According to Ute elder Roland McCook, the Ute name for the Crystal River Valley was “Nuche-Mu-Gu-Avatum-Ada’he,” or “The People’s Place of the Heart.” The first white settlers who arrived in the Valley somewhat unimaginatively named the river “Rock Creek.” The contrast in cultural sensitivity was palpable. It was soon realized by early settlement boosters that “Rock Creek” wasn’t great advertising. John Osgood and his burgeoning interests in Redstone promoted a name change, eventually persuading the Department of the Interior in 1901 to rename it the Crystal River.
For over a century, water users south of Silt and Rifle have dreamed of impounding the Crystal, one of the last undammed rivers in Colorado. These dreams were formalized in the Colorado River Storage Act of 1956. In 1957 the Colorado River Water Conservation District obtained conditional water rights for the “West Divide Project,” which would use Crystal water for “generation of electric energy, domestic and municipal purposes, industrial purposes, including but not limited to the production of oil shale, irrigation purposes and stock watering purposes.”

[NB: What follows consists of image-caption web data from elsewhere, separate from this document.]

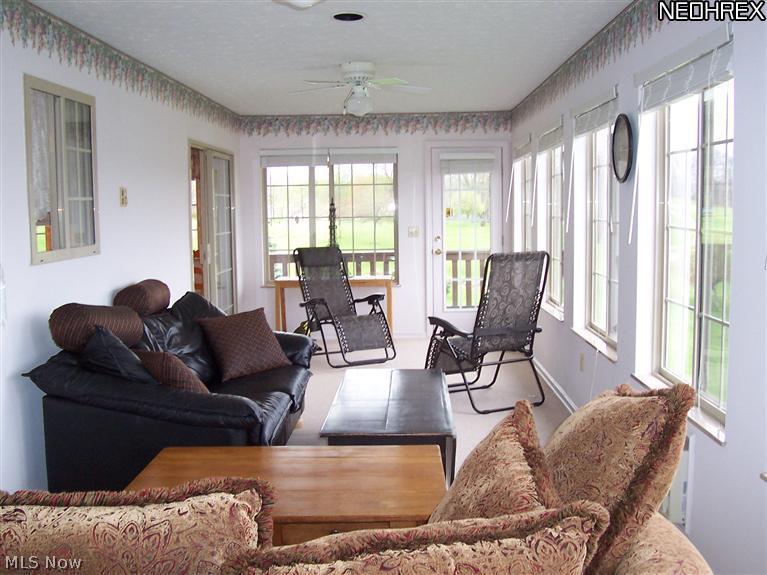 4330 Mayfair Road Uniontown, OH 44685 - Photo 13 of 19 sunroom/side porch, so peaceful!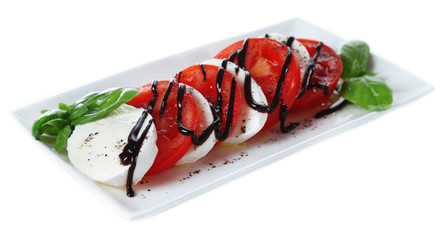 Caprese salad with mozarella cheese, tomatoes and basil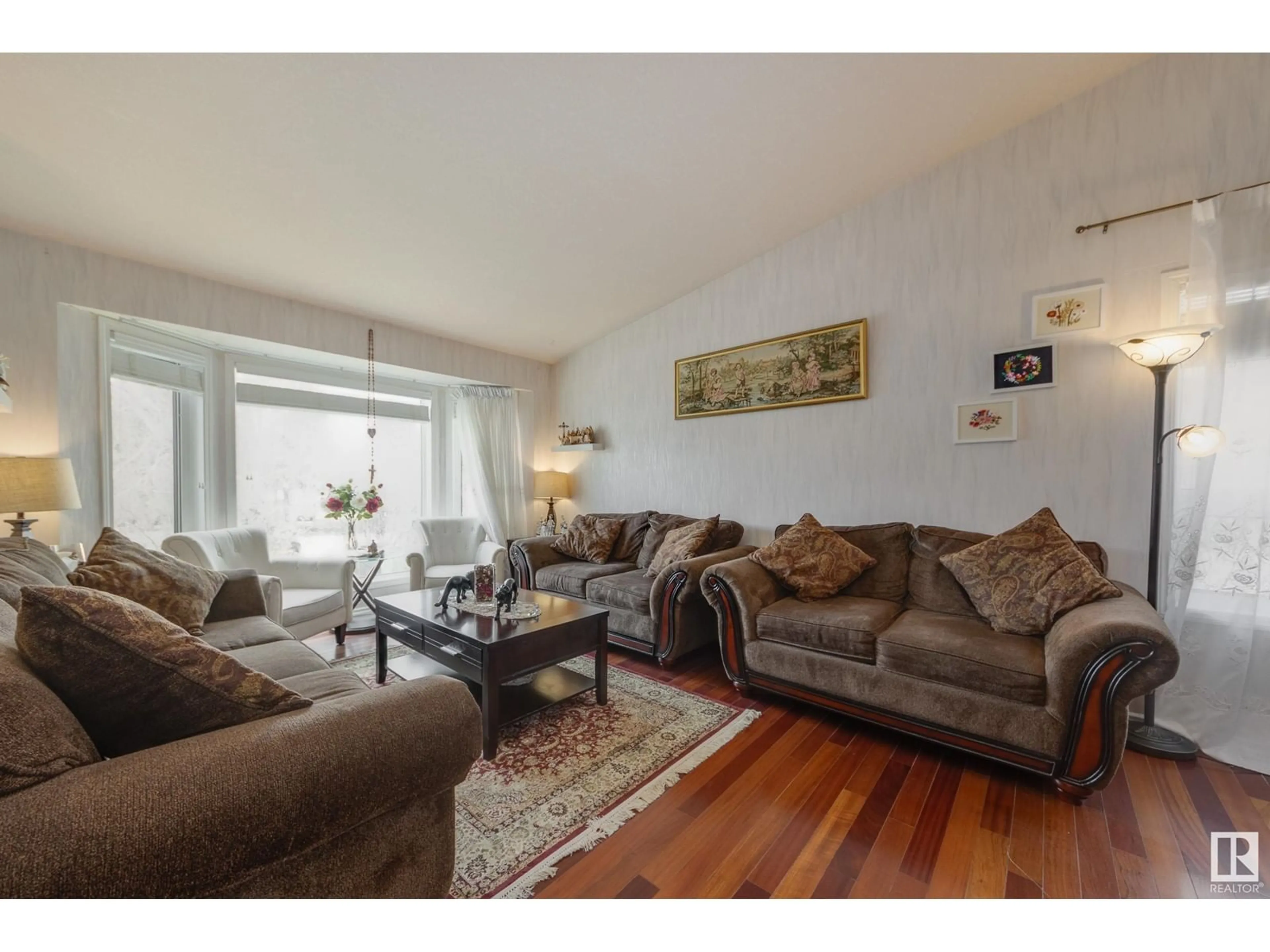 Living room with furniture, wood/laminate floor for NW - 6217 13 AV, Edmonton Alberta T6L2E5
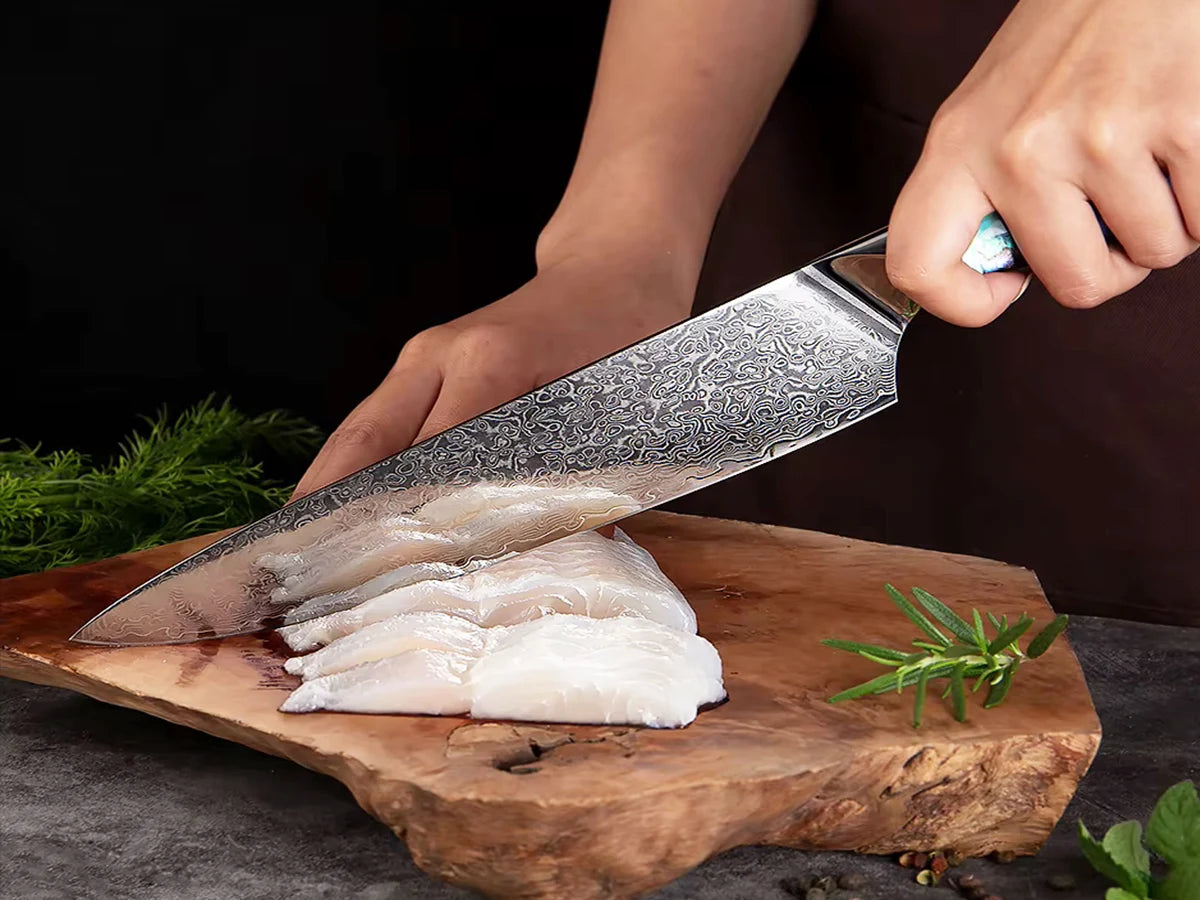 Japanese VG10 Damascus chef knife slicing fresh fish on wooden board with abalone handle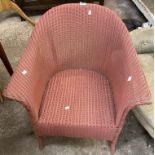 A vintage Lloyd Loom tub chair with original old rose sprayed finish and paper label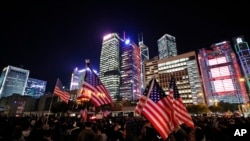 Pengunjuk rasa memegang bendera AS saat demonstrasi di Hong Kong, Kamis, 28 November 2019. Kemarahan China atas keputusan Presiden Donald Trump untuk menandatangani undang-undang yang mendukung hak asasi manusia di Hong Kong terlihat jelas. (Foto: AP)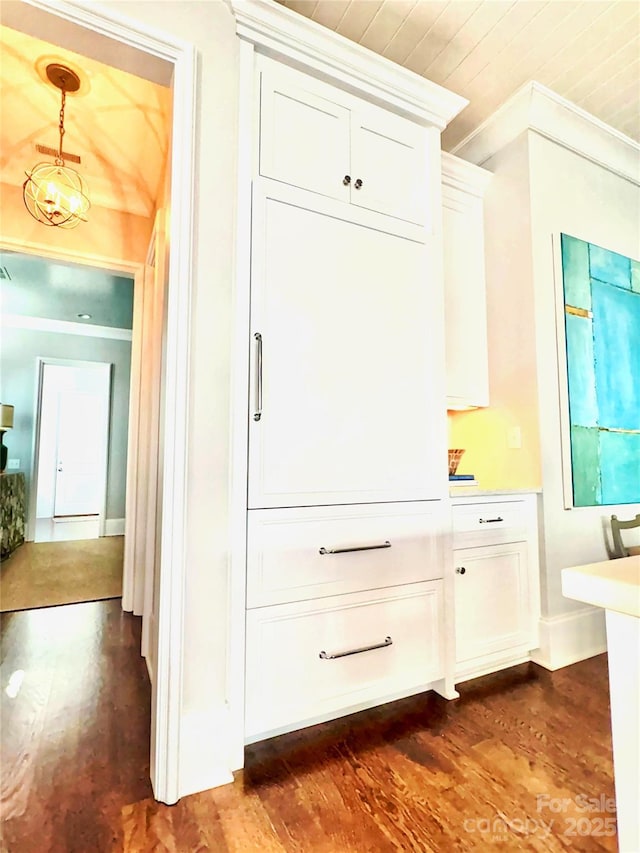 interior space featuring dark hardwood / wood-style flooring and crown molding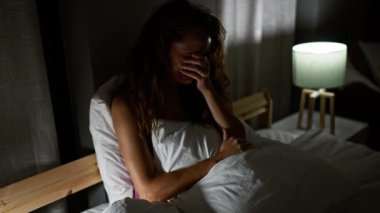 Sıkıntılı genç bir kadın loş bir odada yatakta oturuyor, yüzünü örtüyor ve ağlıyor..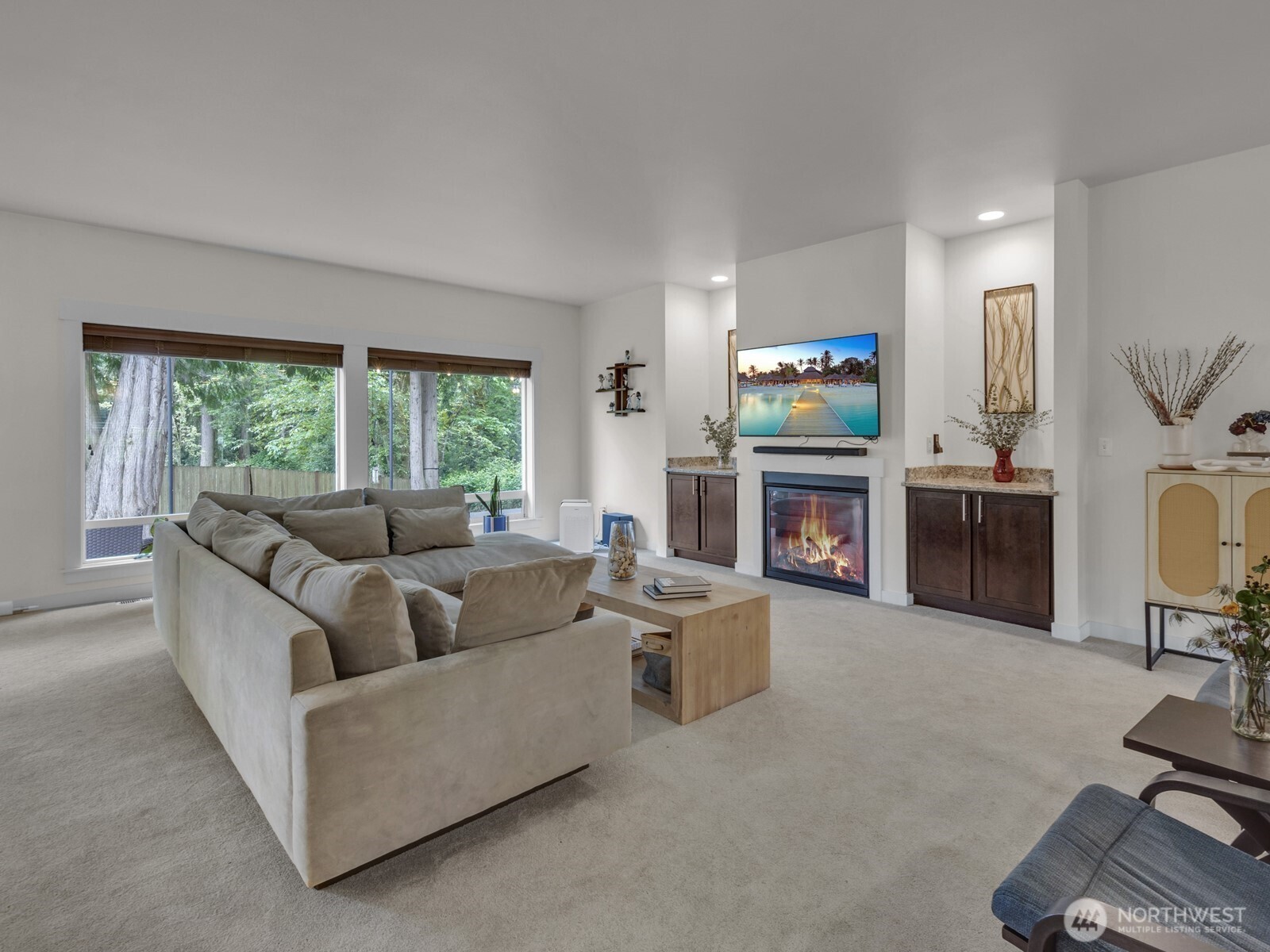 12503 Southeast 104th Street Renton, WA 98056 - Photo 6 of 37 a living room with furniture a fireplace and a flat screen tv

The proposed Placita Dam would have created a reservoir that would have flooded a huge area which includes the largest and most ecologically valuable wetland in the Crystal River Valley. The West Divide Water Conservancy District was formed in 1964 with taxing authority to make it happen.
Meanwhile, the Wild and Scenic Rivers Act was passed in 1968 as one of several keystone environmental laws enacted with bipartisan support during that era. This act required federal agencies to determine the eligibility of waterways for inclusion in the National Wild and Scenic Rivers System. In 1972, the Crystal Valley Environmental Protection Association (CVEPA) was founded out of opposition to dams on the Crystal River. In the 1980s, the White River National Forest deemed the Crystal River eligible for permanent protection as a Wild and Scenic river.
Local concern for our rivers and streams led to the creation of the Pitkin County Healthy Rivers program in 2008. With new support from the Pitkin County Attorney’s Office, a coalition of river advocates succeeded in getting the West Divide Water Conservancy District to let go of most of its conditional water rights in 2001. And efforts by this group finally persuaded the Colorado River District to drop the West Divide Project altogether in 2013.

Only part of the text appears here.